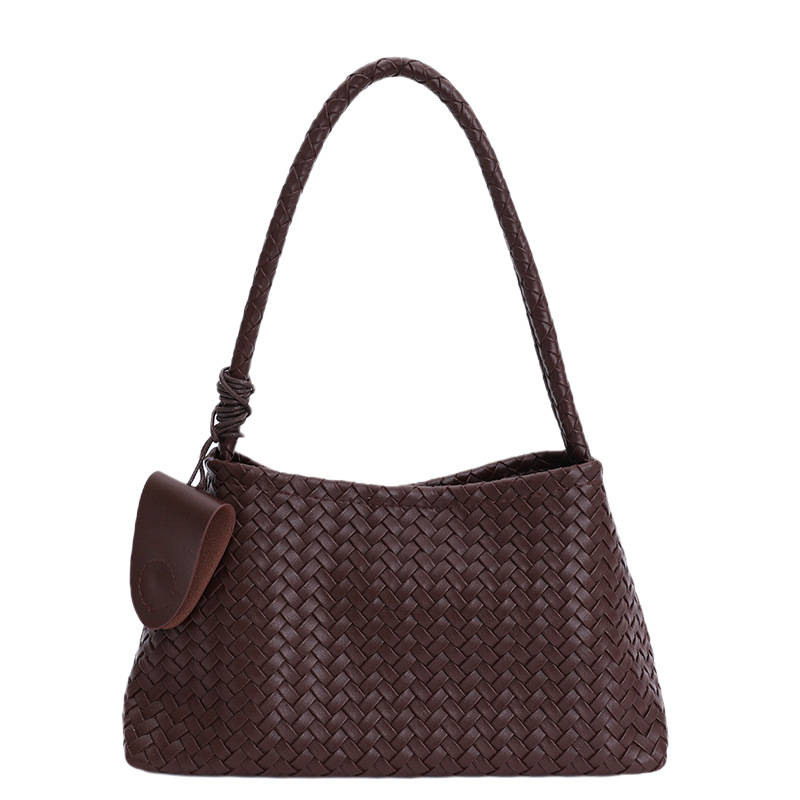 Bolsas de tejido casuales transfronterizas texturas bolsas de brazo mujeres otoño y invierno 2025 nuevo bolso de estilo extranjero bolso de hombro de moda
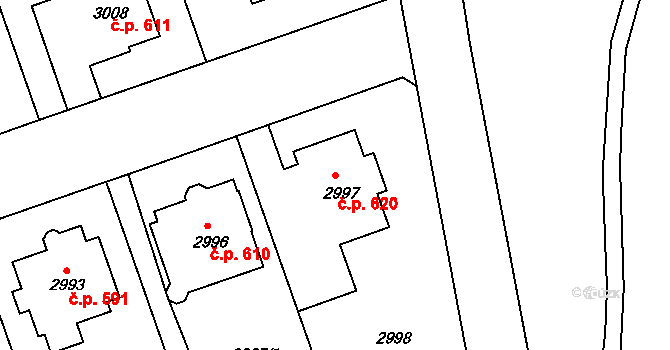 Liberec I-Staré Město 620, Liberec na parcele st. 2997 v KÚ Liberec, Katastrální mapa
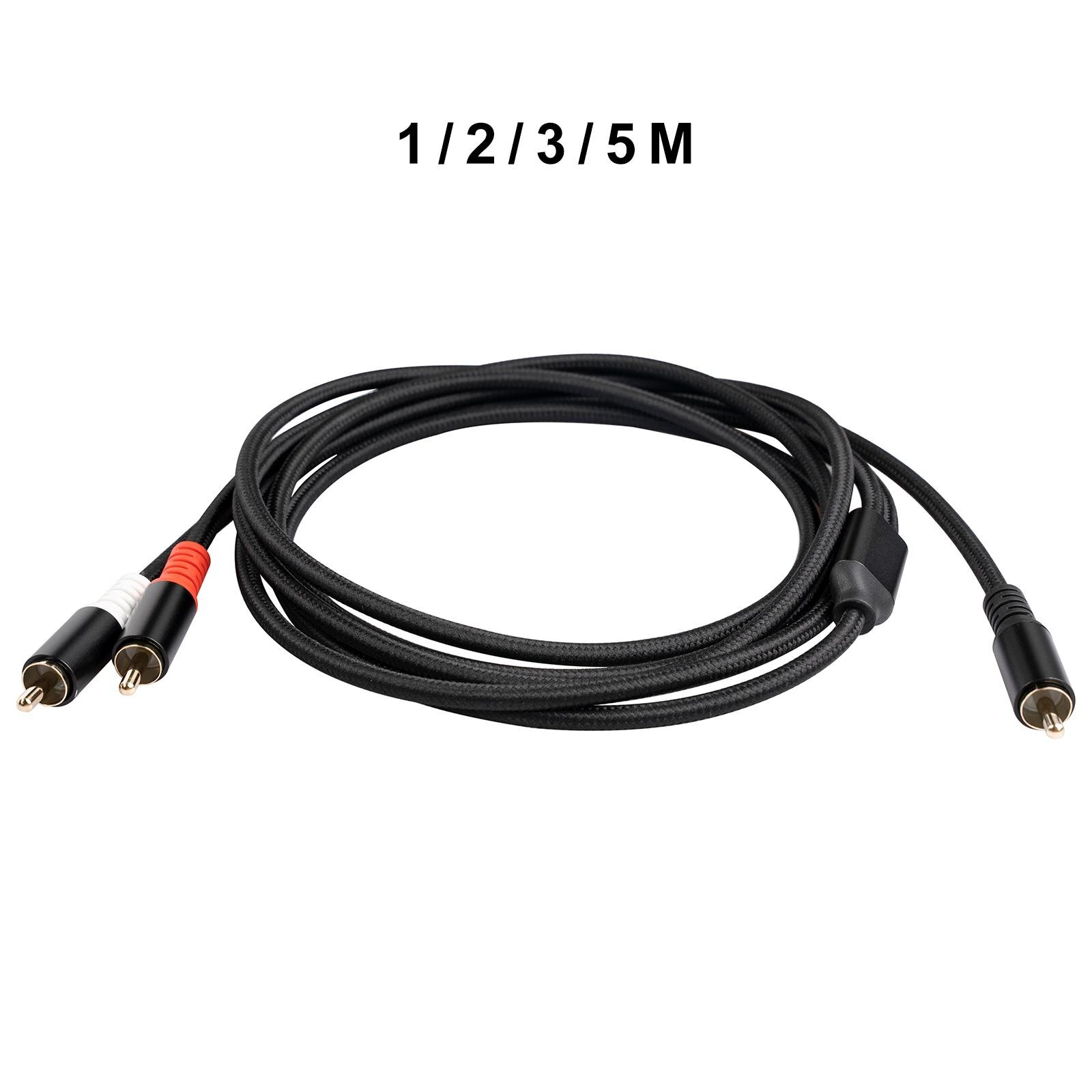 1 RCA Male to 2 RCA Male Audio Cable Hi fi Sound RCA Connector for DVD, TV, Computer Home Audio Headphone Livestream Broadcast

● **Prompt**
Print exactly the lines from the line with "Liberec I-Staré Město" through the end of the data, both ends included, and print no pictures.

● **Answer area**
 Liberec I-Staré Město 620, Liberec na parcele st. 2997 v KÚ Liberec, Katastrální mapa
 1 RCA Male to 2 RCA Male Audio Cable Hi fi Sound RCA Connector for DVD, TV, Computer Home Audio Headphone Livestream Broadcast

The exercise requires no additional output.